### [What to work on]
Exactly reproduce the line containing "2107 Roslin Road" and all later lines to the end of the entries, leaving the pictures out of your copy.

(Data extracts)

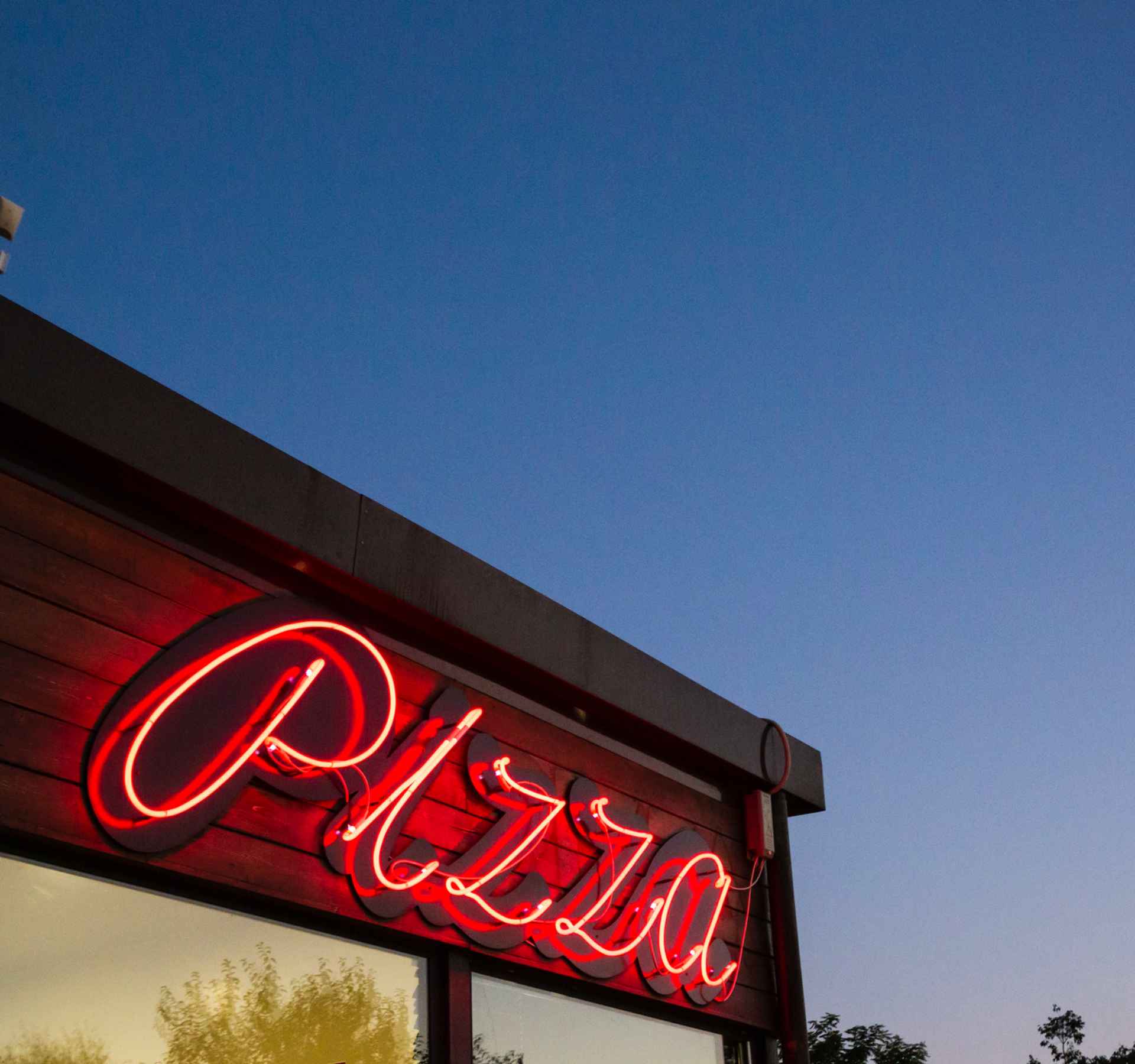 Ristorante del villaggio | hu openair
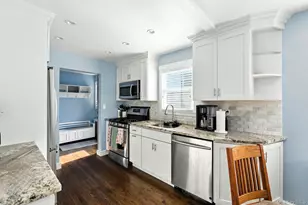 40 Hendrickson Ave, Lynbrook, NY 11563 - Photo 5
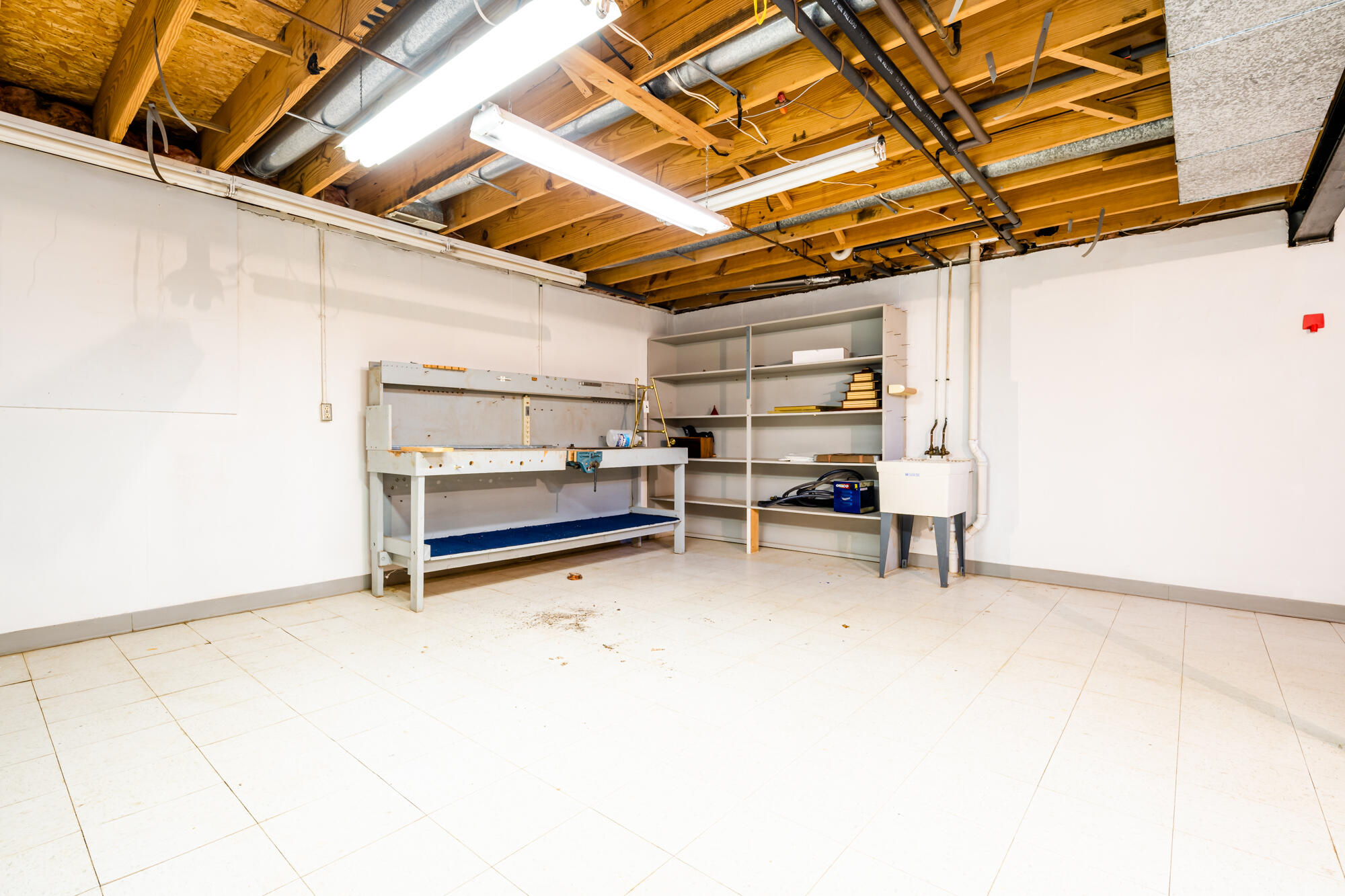2107 Roslin Road Benton Harbor, MI 49022 - Photo 41 of 84 Roslin-337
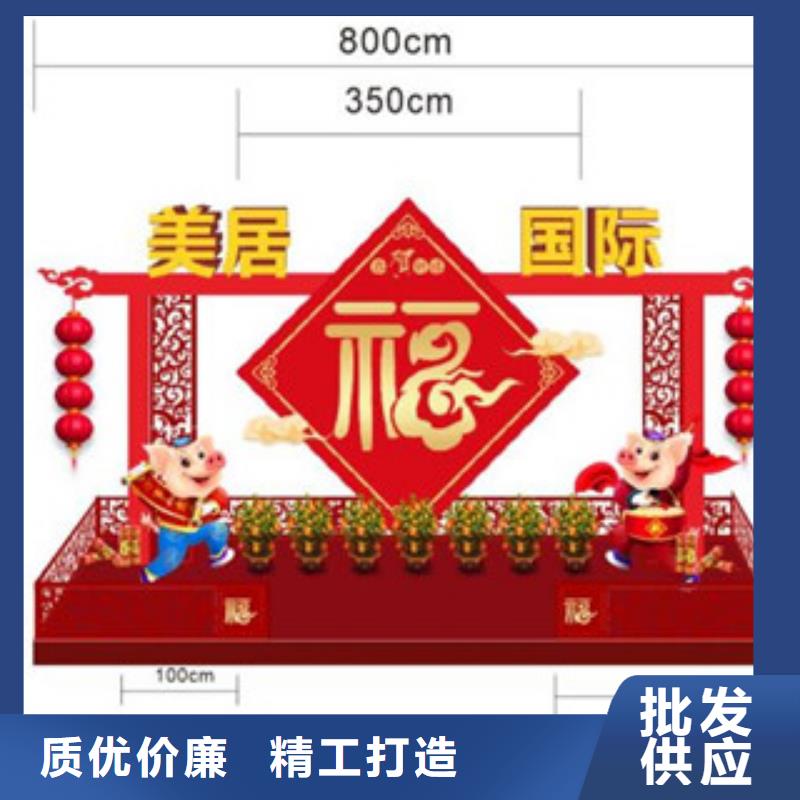 價值觀,路品質(zhì)好才是硬道理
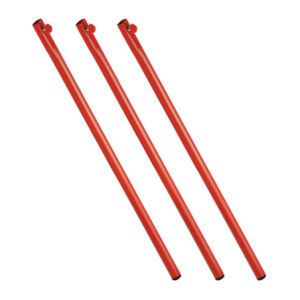 Tripod for Paella Burner Ø 300 mm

(End Data extracts)

### [Your response]
2107 Roslin Road Benton Harbor, MI 49022 - Photo 41 of 84 Roslin-337
 價值觀,路品質(zhì)好才是硬道理
 Tripod for Paella Burner Ø 300 mm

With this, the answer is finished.